If you love someone, you understand how Mary and Joseph were able to allow Jesus to turn their lives upside-down. You’ve encountered God within yourself and within the ones you love, so you stay the course as best you can. Parents work long hours to provide for their children and caregivers smile as they bathe their elderly loved ones. Grandparents lift that new grandchild and stack blocks with that toddler in spite of their aching backs. We dig into our pockets for our last ten-dollar bill and drop it into a bell-ringer’s bucket. Yes, we work at caring for those we’ve been given to love because God has worked at caring for us. On this Feast of the Holy Family, we celebrate the persistence of Mary and Joseph in raising Jesus and Jesus’ eventual persistence in loving all of us.

Together, we retrace the footsteps of the Holy Family of Jesus, Mary and Joseph who illustrated the power of God’s presence in our lives. Every step they took guides us to the wonder we can accomplish when we acknowledge that God is with us in everything. Though our only certainty is the unexpected, God invites us to use every opportunity which lies ahead to respond generously to those we’ve been given to love. This week, when you hang your 2018 Calendar, remember that the three hundred sixty-five days ahead promise possibilities and challenges which we’ll never face alone. The peace we find in God’s company will sustain us just as it sustained Mary and Joseph and their amazing son.

©2017 Mary Penich – All Rights Reserved

Always Safe

You shall not fear the terror of the night
nor the arrow that flies by day.

Psalm 91:5

My family will gather in a few days to continue our holiday festivities with a New Year’s Day celebration.
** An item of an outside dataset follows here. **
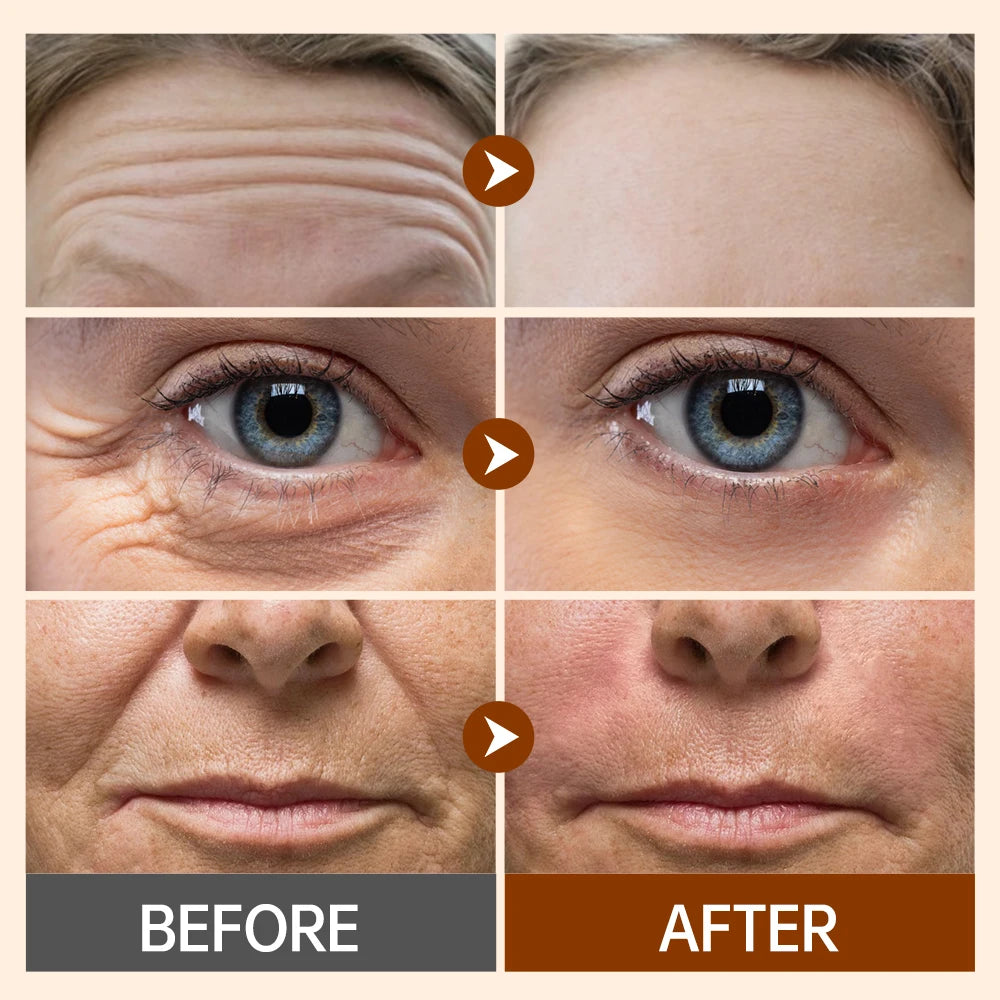Crème anti-âge JOYPRETTYIN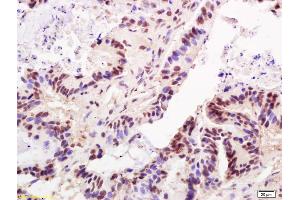 Formalin-fixed and paraffin embedded human colon carcinoma labeled with Anti-TRF2 Polyclonal Antibody, Unconjugated (ABIN736418) at 1:200 followed by conjugation to the secondary antibody and DAB staining (TBPL1 anticorps  (AA 301-400))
For generations before I arrived, my dad’s Canadian family preserved this tradition which includes a blessing. Every New Year’s Day, our family gathers before our eldest family member to request their intercession. This year, my sister Rita will ask God’s gifts of happiness, health and prosperity for each one of us during the coming year.

For as long as I can remember, I’ve experienced a reassuring sense of peace as we kneel together for this annual prayer. Afterward, I feel oddly protected regardless of what life has in store for the next three hundred and sixty-four days. This was very important to me the year my dad passed away and for many years thereafter. Perhaps this is the reason I was always careful to help my own sons to feel safe. Perhaps this is the reason I hold my grandchildren so close these days. Perhaps this is the reason I’m compelled to remind all who will listen that God is always nearby, around us and within us, keeping us safe all the while.

Caring God, just as you lovingly remain with us, help us to treasure and nurture one another with equal devotion.

©2017 Mary Penich – All Rights Reserved

Like Mary…

Mary said, “I am the maidservant of the Lord.
Let it be done to me as you say.”

Luke 1:38

I once again found a few minutes of quiet. I retraced my steps to the living room where our Christmas Tree reigns. Though it is the tree’s fragrance which invariably beckons me in to appreciate its splendor, it is the village at its feet which keeps my attention. Every year, my husband lies on the floor under our tree for hours to fashion his current vision of Bethlehem. Though Mike’s placement of the houses and trees, cars, figures and skating pond vary from year to year, they always sit in humble deference to the crèche.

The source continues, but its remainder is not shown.